Tonight a snow is falling that calls for stillness. There is no wind so it is falling straight down. I stand outside in it looking up feeling soft flakes caress my face and noting as I stand that the flakes that land on my gloved hands are tiny miracles of fractal art. No two are alike. They stay on my glove for a moment then the warmth of my hand melts the snowflake and it is as if it never was. Yet it was and its temporary presence made a difference to me; I experienced beauty and it taught me that something quiet and still contains a lifetime within it in which we fully are present or can be if we are willing to be still.
I have a tendency to react in a fear based way to situations which are really out of my control. As I have grown older I have learned and still learn the virtue of stepping back, disengaging and allowing the difficulty to dissipate and myself to flex around it instead of fighting change or trying to control whatever it is.
I stand in the falling snow in the silence of the night and in those moments the world is quiet and time expands encapsulating the silence as a balm to my soul. The world moves too quickly and we think we control it all. We do not; control is an illusion and we reap the disservice the illusion portrays: disease related to stress, heart problems, anxiety.

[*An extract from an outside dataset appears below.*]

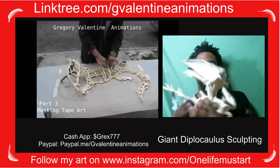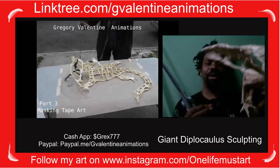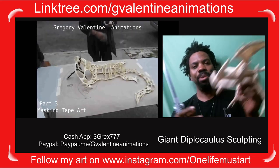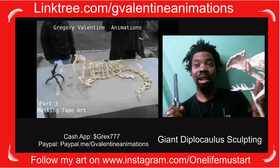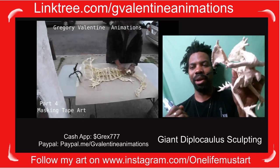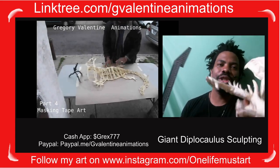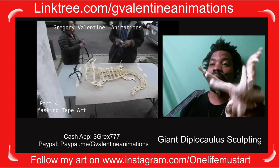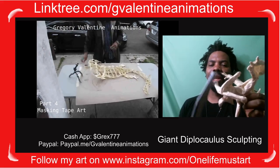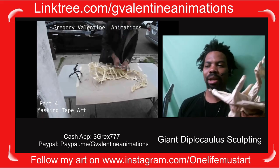In Pitch Black, the monsters are called Bioraptors. They're a significant threat to Vin Diesel — the movie takes place on a planet bathed in sunlight, and the creatures came out at night during an eclipse. Sunlight would burn them. The whole hammerhead shape of the head comes from that. One of the coolest creatures in nature is the hammerhead shark, because they have a built-in sonar system — all that open space makes them more in tune with the world.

I take the time to meditate and I see a place by a still pond in my mind. He leadeth me beside the still water.
(Photo taken by author Allegheny Reservoir, Allegheny National Park)

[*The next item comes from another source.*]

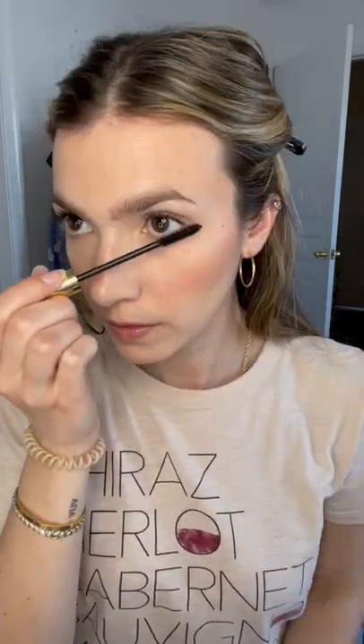Apply mascara to your lashes, staying away from the roots. A great tip: if your eyes get watery throughout the day, it's best to avoid mascara on the bottom lashes. But if you want to apply mascara below...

Religious ideas have the same advice: Be still.
- Be still and know that I am God (God is in control)
- Too many words cause exhaustion
[In the mind or from the mouth]
Better to abide in stillness.
- If we sit with an increasing stillness of the body, and attune our mind to the sky or to the ocean or to the myriad stars at night, or any other indicators of vastness, the mind gradually stills and the heart is filled with quiet joy. Also recalling our own experiences in which we acted generously or with compassion for the simple delight of it without expectation of any gain can give us more confidence in the existence of a deeper goodness from which we may deviate. (39)
- If ever you do go back, what is it you want of Evesham?”
“Do I know? […] The silence, it might be … or the stillness. To have no more running to do … to have arrived, and have no more need to run. The appetite changes. Now I think it would be a beautiful thing to be still. Ellis Peters, A Rare Benedictine (Chronicles of Brother Cadfael, prequel stories 0.1-0.3)
God lives in the stillness. Listen and you will hear His still, small voice.